Now, the interest in a pipeline from Angarsk to the Pacific port of Nakhodka raises the prospect of a struggle between Japan and China over a rival project from Angarsk to Manchuria. It also opens the prospect of Japan reducing its heavy dependence on Arab energy, while furthering the US desire for a more diversified world oil market. Just a few years ago, a single oil route from Russia's eastern flanks into the Asian market seemed little more than a pipedream. The rival projects that have now emerged show just how far the regional economic and political situation has changed.

Far from Moscow and transport infrastructure, eastern Siberia was left undeveloped for much of the 1990s, with Russian oil companies concentrating on their longer established existing fields to the west. Several prospected sites are only now coming up for sale.

But with greater political stability, consolidated private ownership and cash from sustained high oil prices in the past two years, the conditions are right for development of oil farther to the east. Yukos, Russia's second largest company, has been the pioneer and dominates the reserves set to be exploited over the next few years.

Keen to establish long-term purchase contracts and provide it with some stability in prices, Yukos has already held detailed negotiations with the Chinese, and is insistent that it will pursue the Dollars 1.8bn 2,400km pipeline from Angarsk into Manchuria.

Strategically, Russia arguably has greater interest in developing the 4,000km Pacific pipeline, which potentially allows it to sell its oil more easily into a wide range of Asian markets including Japan and even the west coast of the US.

But the government's ability to influence commercial oil companies' decisions is more limited than in the past, and its capacity to finance the additional costs of the Pacific route which may run to Dollars 5bn, are more open to question.
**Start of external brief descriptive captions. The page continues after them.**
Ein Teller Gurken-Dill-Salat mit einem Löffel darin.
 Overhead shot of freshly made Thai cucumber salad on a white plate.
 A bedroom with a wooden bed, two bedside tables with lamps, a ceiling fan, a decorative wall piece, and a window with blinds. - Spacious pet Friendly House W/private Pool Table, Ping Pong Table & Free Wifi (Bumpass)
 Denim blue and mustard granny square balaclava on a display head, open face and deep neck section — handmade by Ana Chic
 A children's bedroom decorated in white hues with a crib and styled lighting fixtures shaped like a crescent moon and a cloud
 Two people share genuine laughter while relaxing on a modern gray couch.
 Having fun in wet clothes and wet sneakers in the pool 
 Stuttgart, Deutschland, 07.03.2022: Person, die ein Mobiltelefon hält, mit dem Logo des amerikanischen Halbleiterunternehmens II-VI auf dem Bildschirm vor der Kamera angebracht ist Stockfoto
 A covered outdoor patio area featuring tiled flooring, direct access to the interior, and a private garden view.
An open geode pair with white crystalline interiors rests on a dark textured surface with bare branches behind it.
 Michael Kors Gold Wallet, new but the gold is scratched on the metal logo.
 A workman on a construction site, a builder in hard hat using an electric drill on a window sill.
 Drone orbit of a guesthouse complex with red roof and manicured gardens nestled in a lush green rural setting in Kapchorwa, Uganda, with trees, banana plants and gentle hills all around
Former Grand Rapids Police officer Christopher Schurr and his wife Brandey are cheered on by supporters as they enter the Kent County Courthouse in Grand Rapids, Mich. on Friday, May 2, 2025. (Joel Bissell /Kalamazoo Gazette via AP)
Ultimately, Yukos may be able to juggle the two projects for its own benefit. But it will also come under pressure from Transneft, the state-controlled pipeline operator which backs the Pacific route towards Japan. The latter might try to cut some of Yukos' export quotas westwards if Yukos pursues its Chinese route.

Stephen O'Sullivan, head of research at UFG, the Moscow-based brokerage, said: "This is a vexed issue. The Russian government has not made a decision between the Chinese and the Japanese routes. No one thinks there is room for both."

From the Japanese viewpoint, establishing supplies from Russia is highly attractive. Chris Weafer, strategist at Alfa Bank, said: "The Japanese really can't remain so vulnerable to supplies from the Gulf. They want and need the Russian pipeline. No one would have given any credibility to the project one and a half years ago but now it has moved from possibility to probability."

Russian oil might also give Japan and some of its neighbours bargaining power to resist paying the so-called Asian premium generally charged by Middle East producers. The latter can get away with making their Asian customers pay more - typically an extra Dollars 1-Dollars 1.50 - because they control the destination of their cargoes and Asia is a more captive market than Europe or the US which can draw on local output and imports from other sources.

There are still some concerns over Russian management of pipelines, however. The private consortium operating the pipeline that runs through Russia from Kazakhstan is under threat of nationalisation, with Transneft attempting to take over its operations.

Opening oil routes to the east might aid development in some areas of the Caspian, like Kazakhstan, which might be able to open an eastward export route linking to the Siberian project. Japanese officials have said they would like US support.

Ian Bremmer, president of the Eurasia political risk consultancy, yesterday predicted such backing would be forthcoming. The US has a strong political desire to see Siberian oil reach world markets, which it could do more easily through Nakhodka where it could be shipped to other countries as well as Japan, rather than being tied to China.

But the US is considered unlikely to put any money into any Far East pipeline. Washington, the world's largest oil importer, is keen to see non-Opec producers boost output as a counterweight to the Opec cartel. But it has left the funding of new infrastructure projects, even those tailored for the US market, to US oil companies.